=== Section Start ===
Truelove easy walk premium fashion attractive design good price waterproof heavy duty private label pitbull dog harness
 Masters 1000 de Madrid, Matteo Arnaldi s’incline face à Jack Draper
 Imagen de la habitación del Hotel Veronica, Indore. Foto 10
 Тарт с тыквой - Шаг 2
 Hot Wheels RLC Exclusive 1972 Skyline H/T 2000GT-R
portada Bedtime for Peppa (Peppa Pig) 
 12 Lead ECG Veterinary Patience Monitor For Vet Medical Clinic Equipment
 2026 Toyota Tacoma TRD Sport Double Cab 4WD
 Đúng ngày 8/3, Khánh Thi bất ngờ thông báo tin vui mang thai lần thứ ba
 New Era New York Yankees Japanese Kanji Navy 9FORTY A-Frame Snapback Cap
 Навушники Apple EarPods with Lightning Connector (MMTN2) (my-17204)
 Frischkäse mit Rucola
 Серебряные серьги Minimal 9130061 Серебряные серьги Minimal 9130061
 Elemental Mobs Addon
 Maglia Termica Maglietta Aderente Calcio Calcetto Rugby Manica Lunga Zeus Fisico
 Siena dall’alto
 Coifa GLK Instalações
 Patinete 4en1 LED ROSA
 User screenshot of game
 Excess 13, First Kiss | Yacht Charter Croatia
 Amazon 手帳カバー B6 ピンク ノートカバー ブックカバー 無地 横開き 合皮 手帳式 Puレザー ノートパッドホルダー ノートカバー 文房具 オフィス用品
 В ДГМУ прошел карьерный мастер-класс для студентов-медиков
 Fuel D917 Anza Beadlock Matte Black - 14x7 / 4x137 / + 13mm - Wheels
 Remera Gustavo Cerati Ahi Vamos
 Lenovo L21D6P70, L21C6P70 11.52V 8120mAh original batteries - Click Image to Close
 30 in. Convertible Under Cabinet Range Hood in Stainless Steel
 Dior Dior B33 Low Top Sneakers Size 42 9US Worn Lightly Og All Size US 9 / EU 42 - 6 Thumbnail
=== Section End ===
## Task goal
Transcribe, exactly and completely, all of the entries.

## Task output
Truelove easy walk premium fashion attractive design good price waterproof heavy duty private label pitbull dog harness
 Masters 1000 de Madrid, Matteo Arnaldi s’incline face à Jack Draper
 Imagen de la habitación del Hotel Veronica, Indore. Foto 10
 Тарт с тыквой - Шаг 2
 Hot Wheels RLC Exclusive 1972 Skyline H/T 2000GT-R
portada Bedtime for Peppa (Peppa Pig) 
 12 Lead ECG Veterinary Patience Monitor For Vet Medical Clinic Equipment
 2026 Toyota Tacoma TRD Sport Double Cab 4WD
 Đúng ngày 8/3, Khánh Thi bất ngờ thông báo tin vui mang thai lần thứ ba
 New Era New York Yankees Japanese Kanji Navy 9FORTY A-Frame Snapback Cap
 Навушники Apple EarPods with Lightning Connector (MMTN2) (my-17204)
 Frischkäse mit Rucola
 Серебряные серьги Minimal 9130061 Серебряные серьги Minimal 9130061
 Elemental Mobs Addon
 Maglia Termica Maglietta Aderente Calcio Calcetto Rugby Manica Lunga Zeus Fisico
 Siena dall’alto
 Coifa GLK Instalações
 Patinete 4en1 LED ROSA
 User screenshot of game
 Excess 13, First Kiss | Yacht Charter Croatia
 Amazon 手帳カバー B6 ピンク ノートカバー ブックカバー 無地 横開き 合皮 手帳式 Puレザー ノートパッドホルダー ノートカバー 文房具 オフィス用品
 В ДГМУ прошел карьерный мастер-класс для студентов-медиков
 Fuel D917 Anza Beadlock Matte Black - 14x7 / 4x137 / + 13mm - Wheels
 Remera Gustavo Cerati Ahi Vamos
 Lenovo L21D6P70, L21C6P70 11.52V 8120mAh original batteries - Click Image to Close
 30 in. Convertible Under Cabinet Range Hood in Stainless Steel
 Dior Dior B33 Low Top Sneakers Size 42 9US Worn Lightly Og All Size US 9 / EU 42 - 6 Thumbnail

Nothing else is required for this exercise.